La pâtisserie Maxime réunit dans une même adresse une pâtisserie et un salon de thé traditionnel à la française. Créé par Didier Meyer et son épouse Catherine, c’est un rendez-vous incontournable des gourmets, autant en période de fête que chaque jour du calendrier.

L’artisan, renommé dans sa profession, a démarré l’aventure avec deux salariés en atelier de fabrication et trois personnes pour le service en salle. Il emploie aujourd’hui 18 personnes et forme de nombreux apprentis. Au nombre de ses divers engagements figure la présidence de la corporation des Pâtissiers du Bas-Rhin.

Il nous confie sa passion pour le travail sur les moulages, le style et les montages des pièces. « Les thèmes alsaciens sont toujours bien présents mais aussi, quelquefois, les personnages d’Astérix et d’Obélix, les lapins crétins ou la figure de R2D2, le robot ovoïde de Star Wars au langage bizarroïde ». Les gamins exultent.

Le chef ne recule devant rien dès lors qu’il est question de créativité et la charge de travail ne lui fait pas peur. Ainsi, cette malle tout en chocolat de 11 kg qui a demandé 30 heures de travail à trois artisans. Garnie de macarons, elle fait un tabac dans l’exposition « Rêve de voyage » à Haguenau où elle est exposée. Un rêve à la fois nostalgique et gustatif. Pas de regret, Didier Meyer avait tout prévu en faisant fabriquer une version miniature du bel objet à la disposition de tous ses clients.

Parcours d’excellence

© DR.

© DR.

L’alimentaire, Didier Meyer connaît bien. Fils de boucher, c’est néanmoins la pâtisserie qui le passionne. Il passe un brevet de compagnon pâtissier et fait ses premières armes dans une maison strasbourgeoise.

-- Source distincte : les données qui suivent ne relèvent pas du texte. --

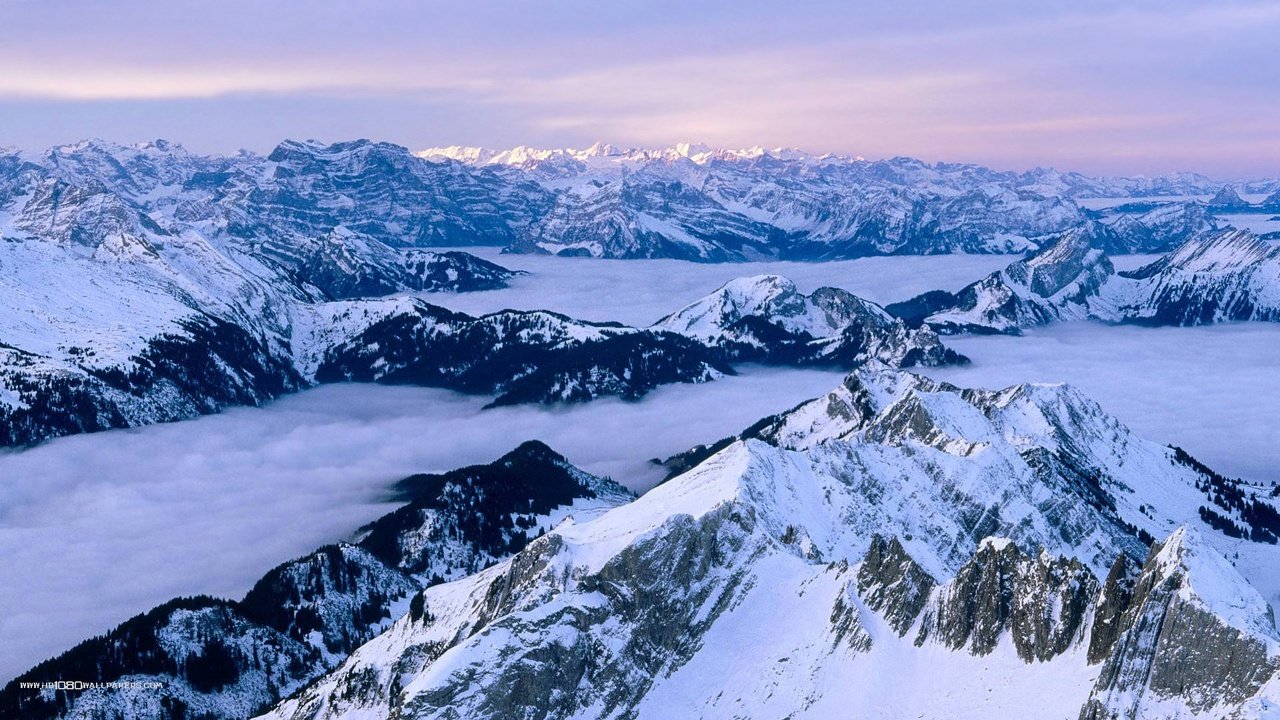 Обои горы, снег, туман, швейцария, вершины, mountains, snow, fog, switzerland, tops разрешение 1920x1080 Загрузить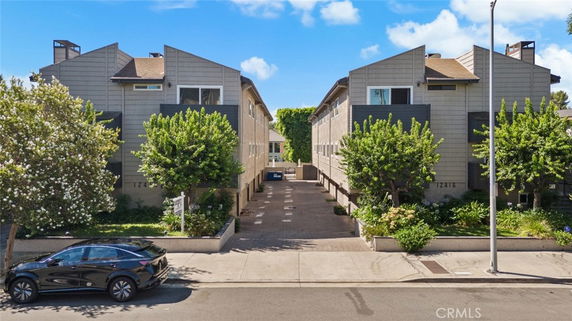 Front view of two-story residential buildings with unique angular roofs and entryway between.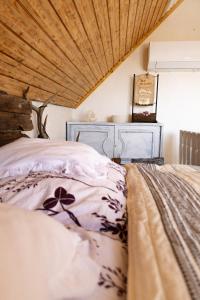a bedroom with a bed and a wooden ceiling at Menyecske Guesthouse in Keszü
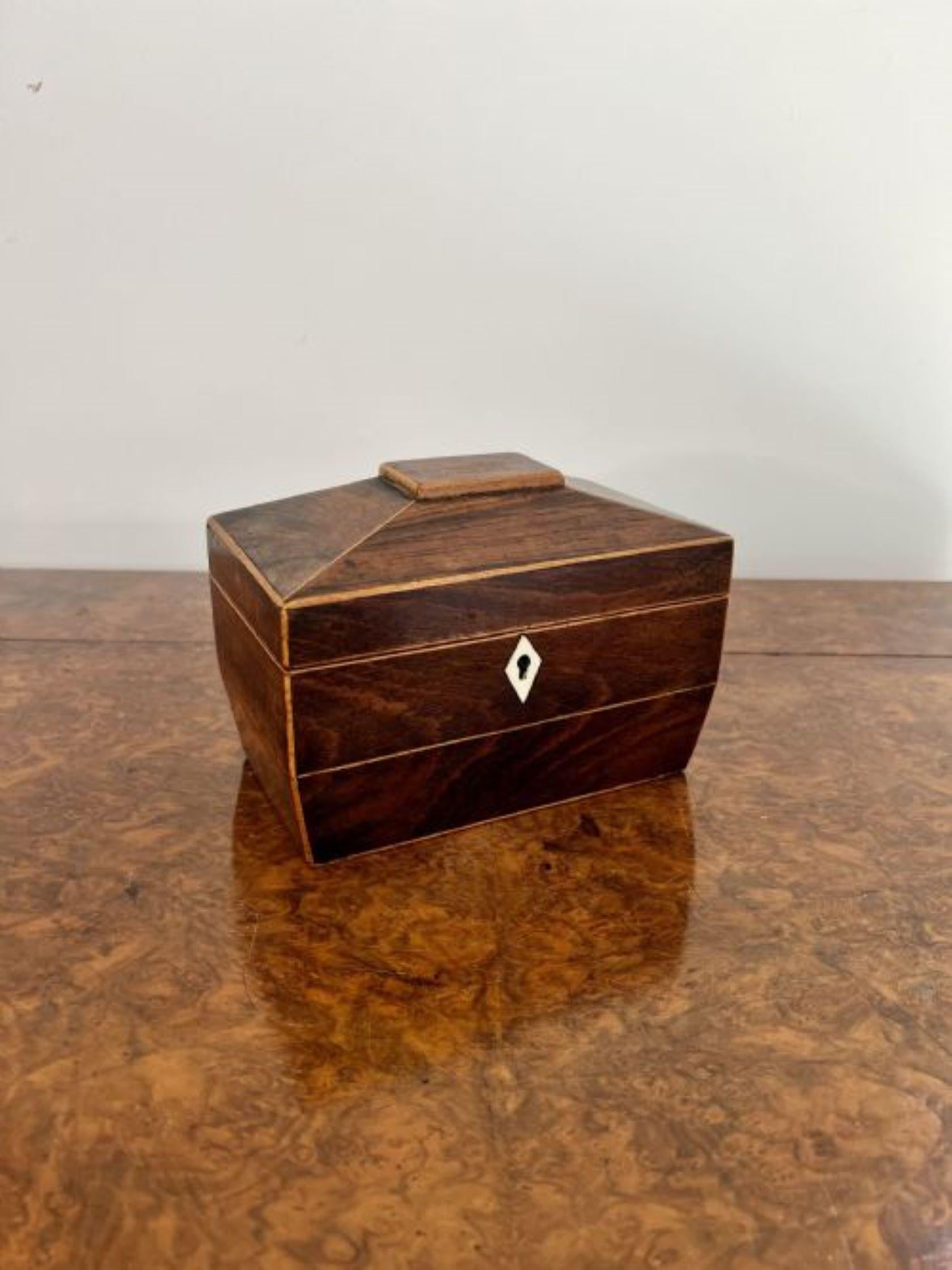 Quality antique George III mahogany tea caddy having a quality antique George III mahogany tea caddy with satinwood stringing inlay, with a lift up lid opening to reveal two lidded receptacles for tea. 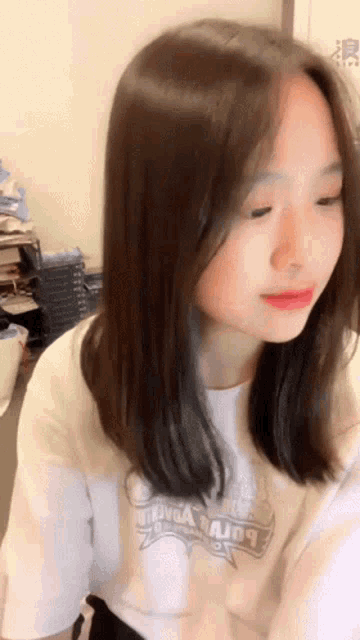 a girl wearing a white shirt that says " body a major " on it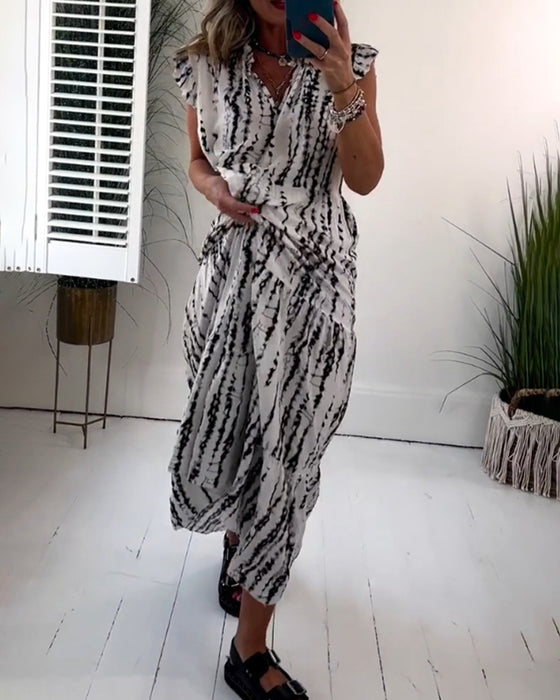 Flueermet kjole med V-hals og blomstertrykk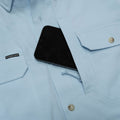 Close up of cell phone pocket with cell phone in pocket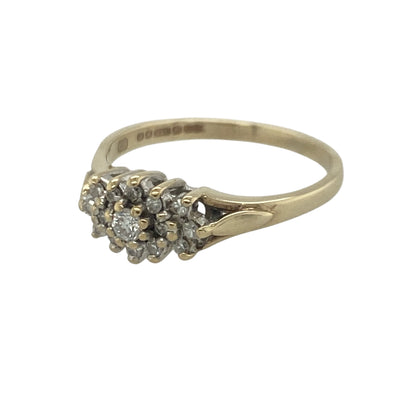 Add timeless sparkle and delicate elegance to your jewellery collection with this pre-owned 9ct yellow gold diamond small cluster ring, featuring a classic design with refined everyday appeal—perfect for special occasions, gifting, or effortless daily wear.

Design: The ring showcases a charming diamond cluster measuring approximately 6mm wide at the front, creating a beautiful focal point with eye-catching brilliance. The compact cluster design offers classic styling in a refined and wearable size.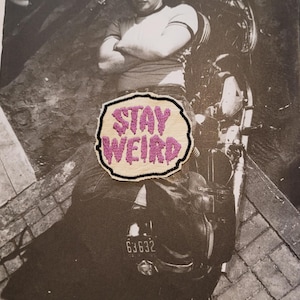 Könnte beinhalten: Ein gestickter Aufnäher mit cremefarbenem Hintergrund und schwarzem Rand, der den Text STAY WEIRD in strukturiertem, leuchtend pinkfarbenem Garn zeigt. Der Aufnäher liegt auf einem Schwarz-Weiß-Foto einer Person auf einem Motorrad.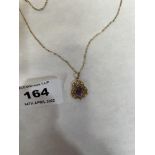 A gold openwork amethyst pendant on necklet chain marked 9ct. 3g gross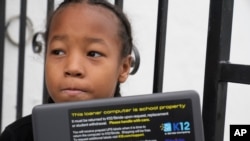 FILE - Ezekiel West, 10, opens up his K12/Stride school loaner laptop computer outside his home in Los Angeles, Jan. 15, 2023.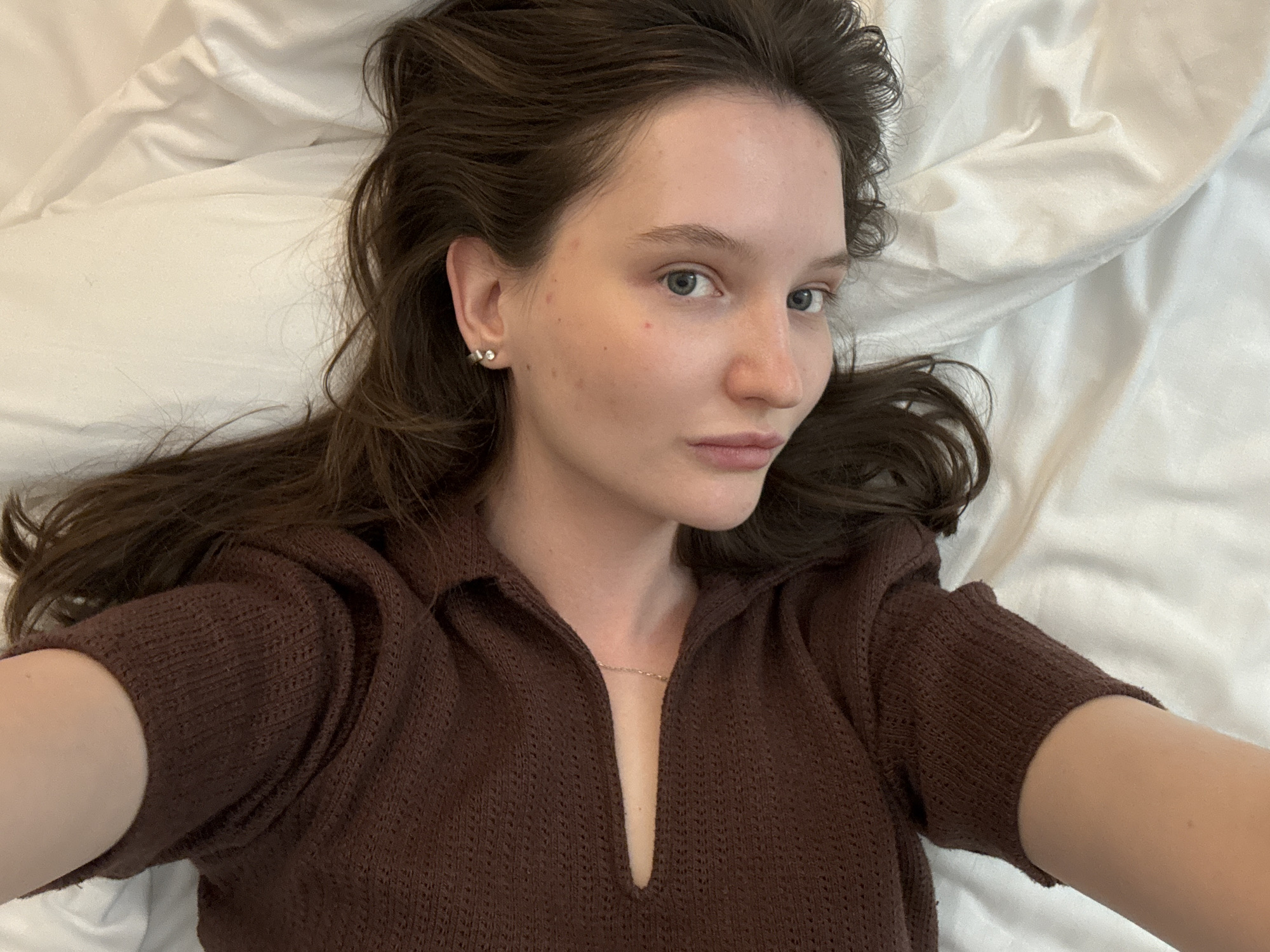 A young woman with long, dark brown hair lies on a white, creased bed. She is wearing a brown, knitted top with a cutout at the chest. Her head is tilted to the left, and she is looking directly at the camera with light blue eyes. Her skin is pale and clear, with a few scattered blemishes. She has a delicate silver chain necklace visible against her skin. The image appears to be taken indoors, possibly in a bedroom. There is no information available regarding the specific location in the city of Журавлево (кемеровский), Russia.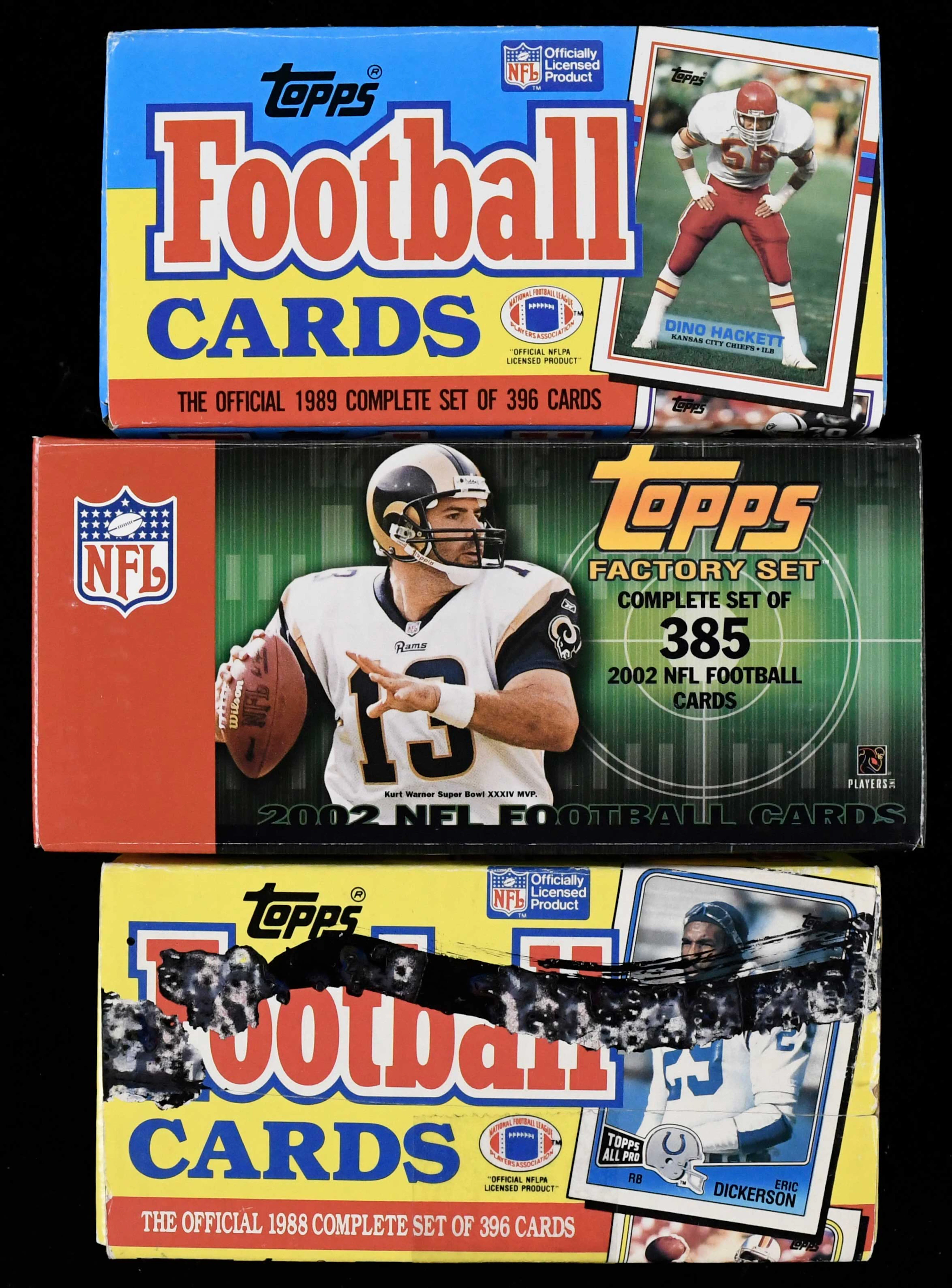 Lot of (5) 1988-2002 Topps football factory sets with two sealed (NM/MT-MT)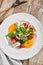 Roasted pepper salad with calamari and fresh greens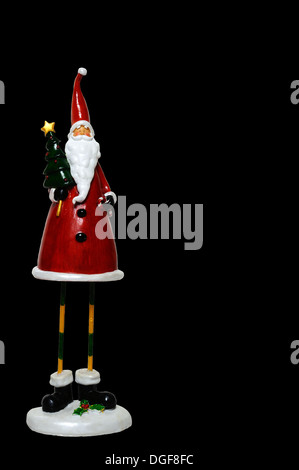 Father Christmas statue against a black background. Stock Photo
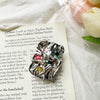 Metal stand - crinkled colored stones - silver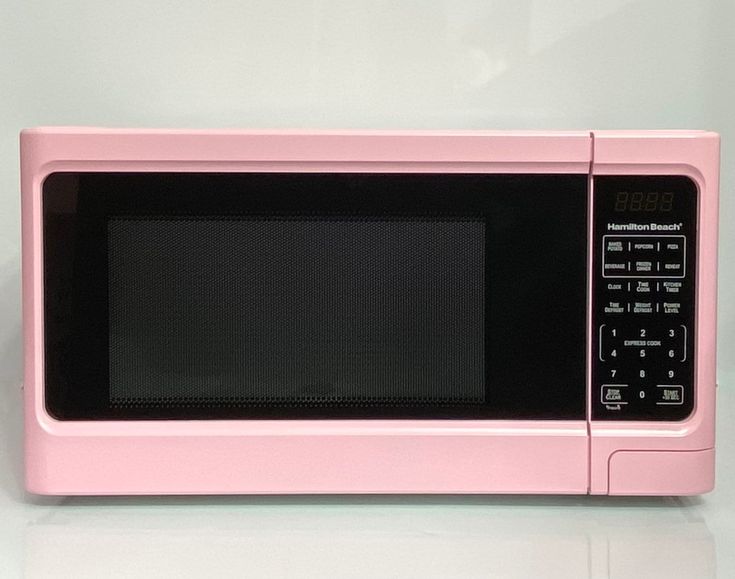 a pink microwave oven sitting on top of a counter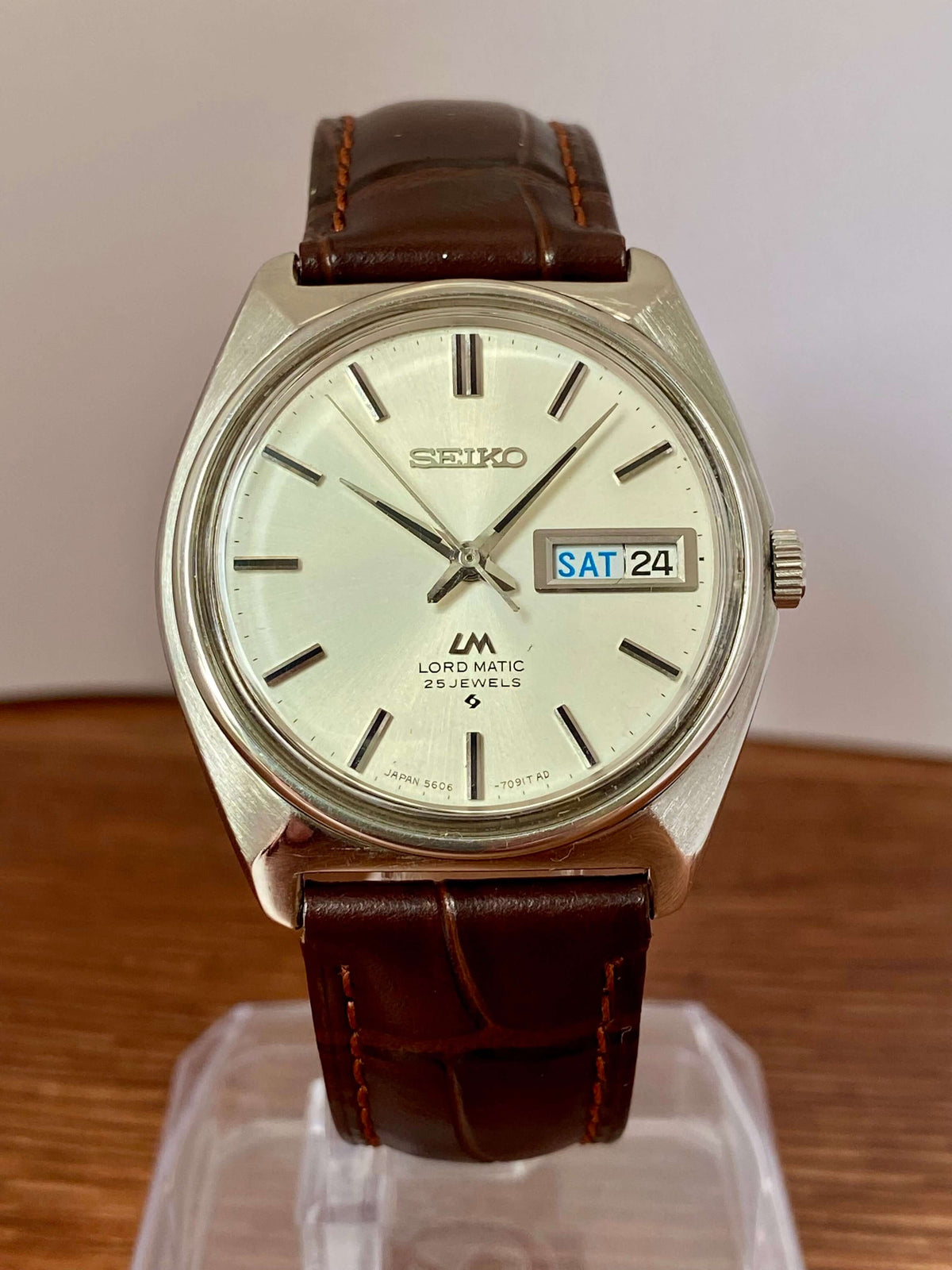 Vintage Seiko Lord Matic 5606-7000 with brown leather strap and bilingual day-date feature.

Ses pas le mènent ensuite vers le sud de la France où il travaille comme saisonnier dans des hôtels-restaurants. Avant de retourner dans son Alsace préférée pour exercer ses talents dans une pâtisserie de Saverne. D’un échelon à l’autre, il devient chef-pâtissier et se voit décerner son brevet de maîtrise.

Jamais à court de projets, il a organisé un salon de thé éphémère lors des animations de Noël 2015 dans sa belle ville de Haguenau et il vient d’ouvrir une pâtisserie à Edimbourg en Ecosse.